Dans le prolongement de l’inspiration nietzschéenne on peut établir un parallèle entre la reconnaissance et la renaissance. Du coup, nous en venons au thème platonicien de la réminiscence lié à la théorie des Idées. Comme le montre Platon à travers l’esclave du Ménon, qui découvre par lui-même sans avoir fait de géométrie le théorème de Thalès, connaître c’est toujours reconnaître. Socrate explique à ses interlocuteurs interloqués que l’esclave n’a fait que se ressouvenir d’une essence géométrique qu’il avait contemplée préalablement dans le Ciel des Idées. Pour Platon, la connaissance n’est possible que parce qu’il y a reconnaissance, c’est-à-dire re- mémorisation de ce que notre âme a déjà vu mais oublié dans une vie antérieure.

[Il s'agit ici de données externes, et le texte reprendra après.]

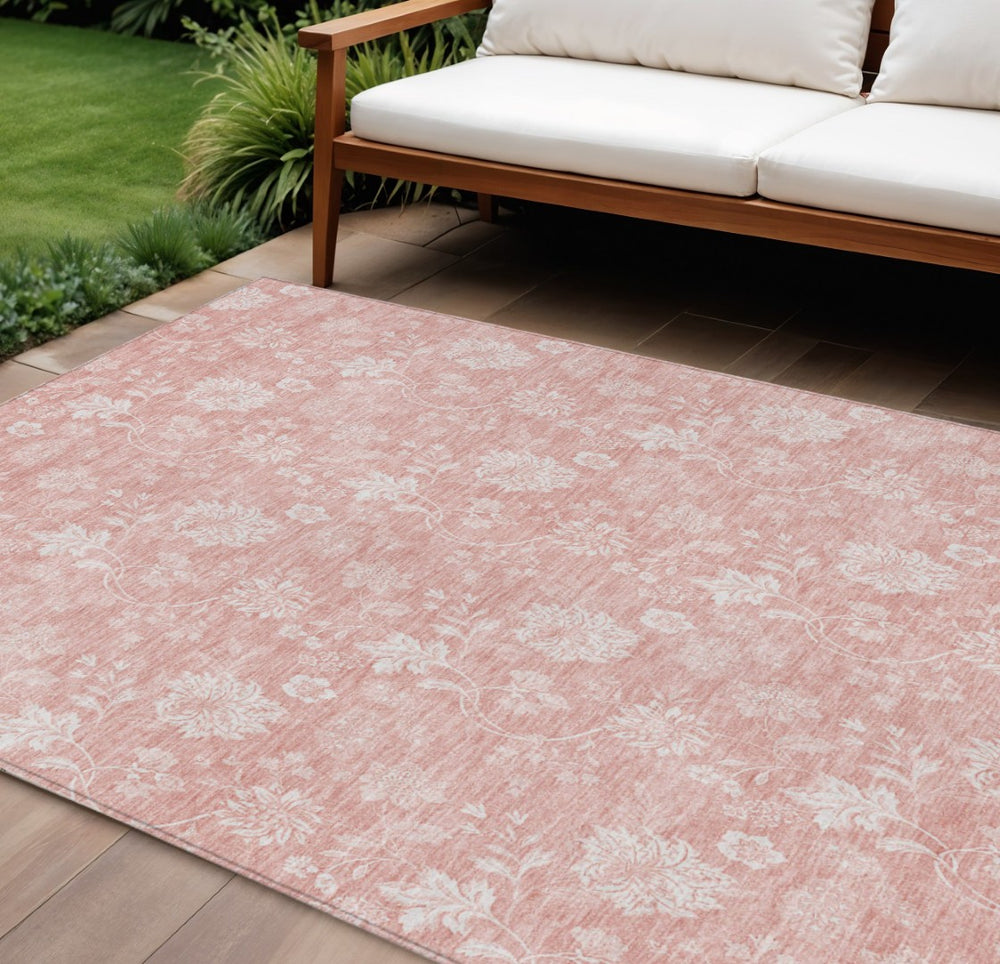 HomeRoots 9' Floral Washable Area Rug - Durable Indoor Outdoor Design with Blush, Ivory & Pink Hues for Any Space 9' X 12' 581441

Or, une telle réminiscence constitue un acte de renaissance pour notre âme déchue qui s’est enlisée dans la matière après sa chute du Ciel des Idées. La reconnaissance est littéralement chez Platon un acte de salut philosophique qui permet à notre âme de renaître à travers sa conversion au principe spirituel…
Outre le sens moral de gratitude et le sens spirituel de réminiscence, la reconnaissance comporte aussi un sens phénoménologique largement exploité par Hegel dans La phénoménologie de l’Esprit. En effet, dans la célèbre dialectique du maître et de l’esclave, c’est la question de la reconnaissance de l’autre qui est centrale. Dans un premier moment, le maître ne devient tel qu’à travers la reconnaissance de son courage supérieur par son futur esclave, le maître étant celui qui n’a pas eu peur d’affronter la mort. Dans un second moment, l’esclave qui n’est devenu tel qu’en raison de son manque de courage face à la mort prend conscience de sa dignité humaine bafouée et se révolte contre le maître au risque de sa vie. Enfin, dans un troisième moment, l’esclave et le maître reconnaissent qu’ils ont besoin l’un de l’autre d’où l’abolition de l’esclavage et l’avènement d’un Etat libre et rationnel qui reconnaît l’égalité de droit de tous les êtres humains. Pour Hegel, toute conscience humaine a besoin de la reconnaissance par une autre conscience pour exister en tant que telle. Et même la conscience divine a besoin de se reconnaître dans le monde humain pour reconnaître pleinement sa divinité de manière spéculative. Lacan saura appliquer avec génie la philosophie spéculative hégélienne à la psychanalyse à travers son célèbre stade du miroir. Pour se connaître en tant qu’être humain, l’enfant a besoin de se reconnaître dans le miroir ! Et Simone de Beauvoir fera un usage efficace de la dialectique hégélienne du maître et de l’esclave pour affirmer que le temps de la reconnaissance par l’homme de l’égalité de la femme était venu…
Notre point commun entre les différentes acceptions du mot reconnaissance est donc trouvé : il s’agit tout simplement de l’amour. Qu’il s’agisse de gratitude, de réminiscence ou de réconciliation, la reconnaissance est fondée sur un acte d’amour.